Kurgu güzeldi evet! Kurguyu güzel yapan çok şey vardı öyküde. Zaman iyi kullanılmış. Kronolojik ters yüz-geri dönüş-flashback inandırıcılığı arttırmış. İnandırıcılık nereden? Ölümün geri dönüşsüz yoluna girmiş biri konuşmuş ama direkt okura değil, yasal katiline. Yasal katilin sözleri okuduğumuz. Yaşananı okuduğumuzu sanıyoruz ama aktarılandı okuduğumuz. Mahkûmun yeşil gözlerine sıkışmış zamanı açmak oldukça akıllıcaydı evet. Teknik açıdan yazarın elini rahatlatmakla kalmadı, kurmaca estetiğine de sınıf atlattı.
“üç ağza, üç burna… Diğer sıralamayı hatırlamıyorum.

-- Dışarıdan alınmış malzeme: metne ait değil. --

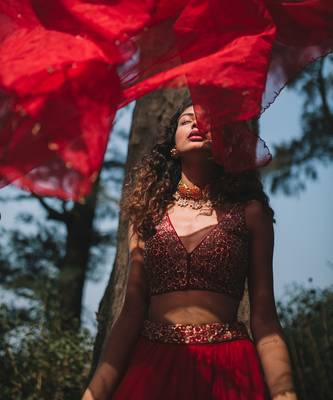 Noorani Red Lehenga Set 5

Kafama göre…” Mahkûmun yaşadığı dini anlar iki farklı şey getirdi aklıma. İlki Yeşilçam’ın dindar ama sahtekâr bakkal klişesi, diğeri “memleketin %99’luk Müslümanlığı” argümanı. Buradaki ironi, doğanın dengesi üstüne muhabbet, mahkûmun felaketine rağmen gülümsetti. Bir öyküde iki zıt duyguyu hissettirmek kolay iş değildir. Hikâyenin cellat üstünden aktarılmış olması, tüm bunları okuru irrite etmeden sağladı. Güzel bir kurgu bu kadar önemli işte.
Eksiltili cümleler gördüm. Ürün reklamı için kullanılan yüklemsiz cümlecikler gibiydi. Beğendim. Sebebi, hikmeti? Sanki böyle bir muhabbetimiz olmuştu değil mi? Birkaç cümlelik harika final. Çoğu kısa, bir kısmı yüklemsiz cümleciklerle ne çok şey kotarmışsın, bravo.
Güzel öyküler yaratan kalemlere selam olsun.